The head of the Libyan Business Council’s (LBC) Media and Public Relations, Tarek Smuee, confirmed to Libya Herald today that the LBC held a meeting with its members, traders and investors last Saturday to discuss several important issues affecting economic and commercial security.
The meeting touched on:
- The status of expatriate workers and their control over local markets and services
- The latest developments related to economic decisions that would advance the national economy and support the private sector.
It was agreed that the LBC, which represents the private sector, would communicate with the competent authorities to address issues that would support this sector and issue supporting laws and decisions.
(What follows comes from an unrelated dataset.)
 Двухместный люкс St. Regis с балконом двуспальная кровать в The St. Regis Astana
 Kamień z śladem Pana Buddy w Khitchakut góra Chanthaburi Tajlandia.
In light of this, Mohamed Abdel Majeed Al-Dali, the LBC Executive Director, was chosen as Chairman of the Libyan Merchants Committee to follow up on these procedures with the various entities.
In response, Al-Dali reminded the meeting that a letter was sent from the LBC and the Libyan Industry Union (LIU) to the Minister of Economy and Trade in the previous months.
He said the LBC’s participation in the meeting with the Economy Minister is evidence of its standing with merchants and manufacturers, and in the interest of the private sector.
Accordingly, the LBC requested the following:
- A silent seat in the Prime Minister’s Office so as to convey the voice of the private sector.
- Organizing expat workers by issuing temporary residency permits for them in coordination with the Interior Ministry and municipalities.
- Forming a committee to manage the stock market under the auspices of the LBC.
- Imposing fines on anyone proven to have transferred funds abroad to foreign workers.
- The LBC undertakes communication to bring together all spectrums of merchants, the private sector, and manufacturers.
It is worth noting that the above-mentioned LBC meeting and the meeting with the Economy Minister that it refers to is part of the LBC’s efforts to push for government policies that are favourable to the private sector.
The LBC had objected to a recent Economy Ministry decree changing regulations on import labelling. The Economy Ministry suspended the decree until a committee studied the decree further.
It is also an attempt to stop the government from issuing such decisions that affect the economy – without prior consultation with the private sector and to reverse the decades-long dominance of the state sector over the private sector.